森田 大翔選手 (履正社)
夏甲子園初スイングで「怪物」の予感、履正社の4番の集中力に脱帽
<第105回全国高校野球選手権記念大会:履正社6-0鳥取商>◇7日◇1回戦◇甲子園
「怪物」の出現かもしれない。勝手にそんなことを思ってしまった。履正社(大阪)の4番に座った森田 大翔内野手(3年)が、豪快な先制3ランを放って、チームの初戦突破に大きく貢献した。
1回だった。1死一、二塁。打席に入った森田は1球目の外角直球のボールを冷静に見逃した。2球目は同じコースでギリギリのストライク。これも見逃した。そして3球目。内角にきた132キロの速球にバットを振り抜いた。打球は快音を響かせて、高々と舞い上がると左翼席で弾んだ。「決して失投ではなかった」。甲子園が歓声に包まれるなか、マウンド上にいた鳥取商(鳥取)先発の山根 汰三投手(3年)はそう思っていたに違いない。

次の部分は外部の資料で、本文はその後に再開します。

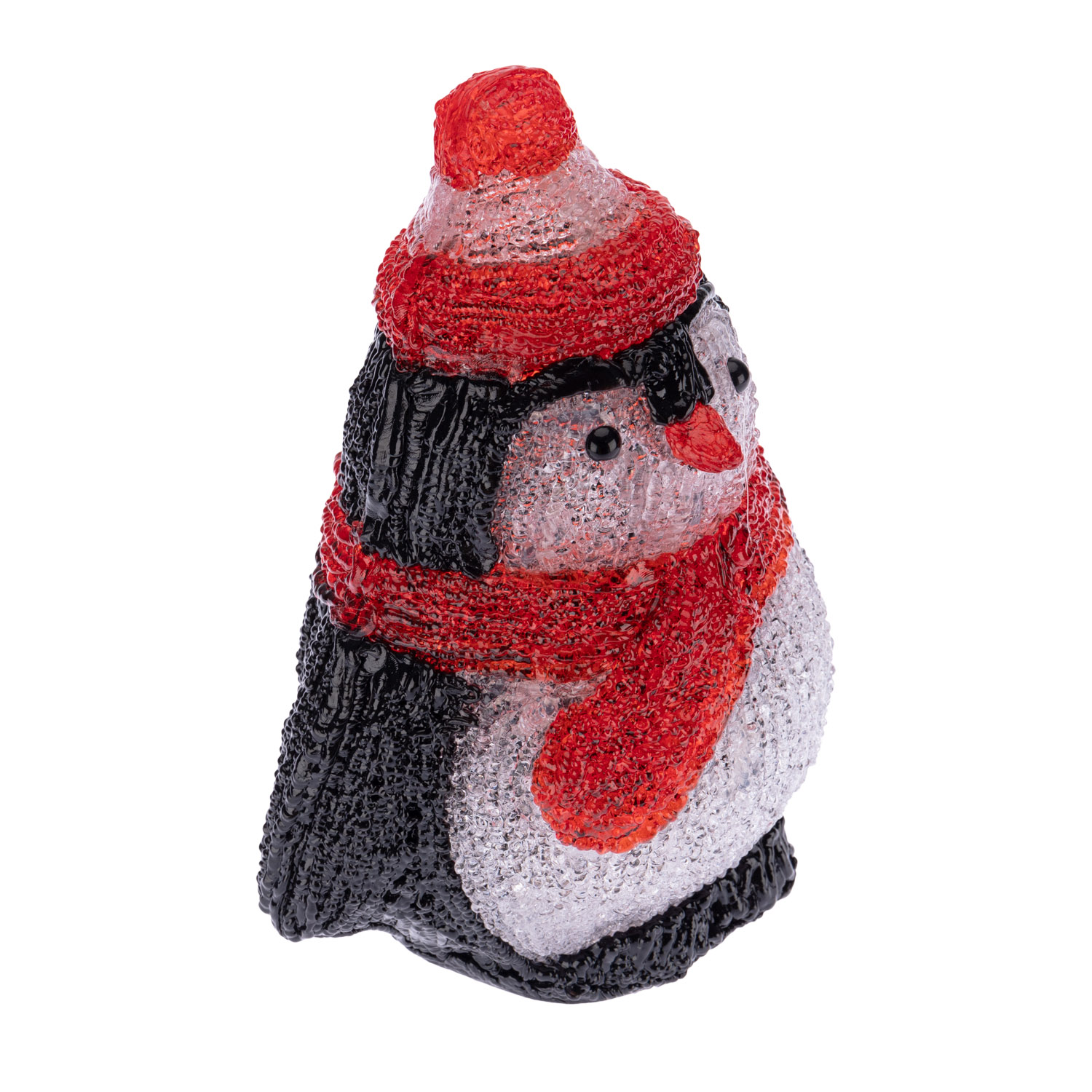 Cветодиодная фигура-ночник NEON-NIGHT Пингвиненок 513-323 - фото 7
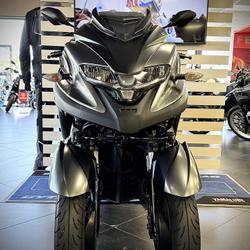Yamaha Tricity  Saint-Genis-Pouilly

高校生が本塁打するには決して簡単な球ではなかった。
「怪物」の予感がする、第1の理由は、この内角高めの直球をバットの芯でとらえて本塁打にしたことだ。両腕を胸の前でやや伸ばし加減で構え、そこからテークバックに入る。投手からすれば、内角は「弱点」に見える。ましてや高めなら、タイミングが遅れ空振りするはず。バッテリーはそう思っていただろう。そして要求通りに投げた。しかし、森田はいとも簡単に先制3ランにしてみせたのだ。
さらに「怪物」の予感がする理由がある。この本塁打は、ファーストスイングだったことだ。2球目までは外角の直球しか見せられていない。初めて対戦する投手の3球目、初めて内角にきた球を、初めてスイングした。夏の甲子園最初のスイングで、最高のスイングをしてみせた。これはかなりの集中力がいる。内角直球を待っていたとしても、本塁打にできることは簡単なことではない。強打者の条件として「1球で仕留める力」が必要だと思っている。森田はその条件を満たしていることを証明した。
本塁打以外はヒットは打てなかった。しかし、4番はこれでいい。一振りでチームを勝利に導いたのだ。今センバツでは3番打者として安打は放ったが、本塁打はこれが初めて。夏は「4番・森田」のアーチショーが見られるかもしれない。